WHAT IS NEEDED: The listing below must be returned in full and unchanged, without the images it carries.

*** INPUT DATA

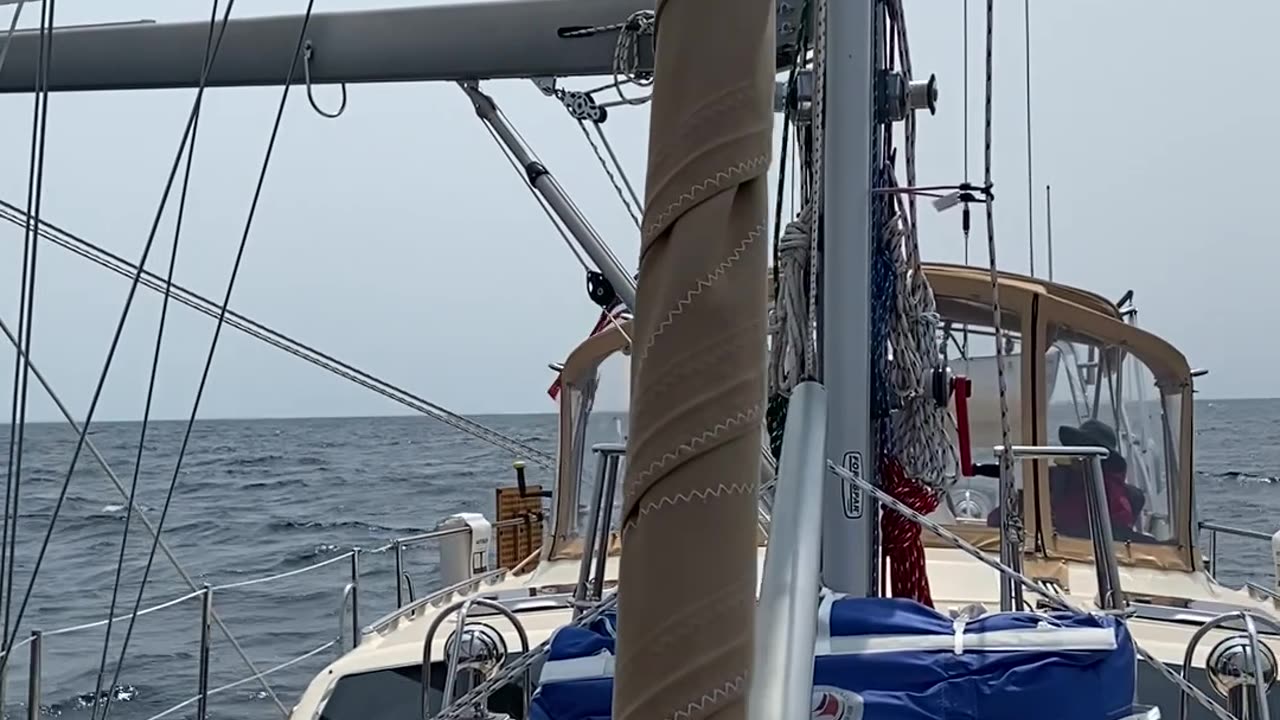 State Line on Lake Michigan in 15 kts, June ‘25 #lakecruise #greatlakes #lakemichigan #sailing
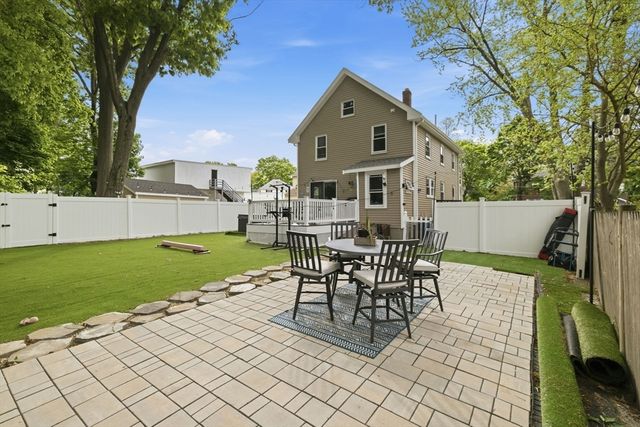 12 Lakeview Ave, Reading, MA 01867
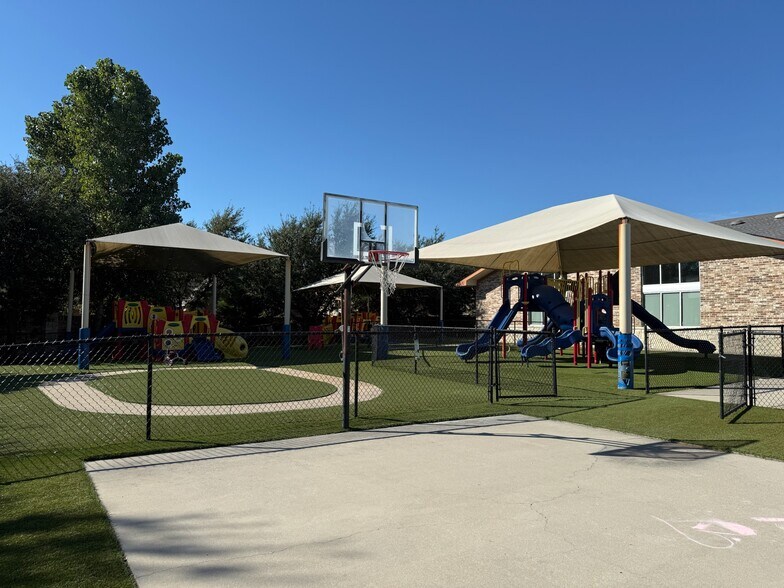 More Photos Of 7040 Independence Pky, Frisco Freestanding For Sale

******

FINISHED EXERCISE:
 State Line on Lake Michigan in 15 kts, June ‘25 #lakecruise #greatlakes #lakemichigan #sailing
 12 Lakeview Ave, Reading, MA 01867
 More Photos Of 7040 Independence Pky, Frisco Freestanding For Sale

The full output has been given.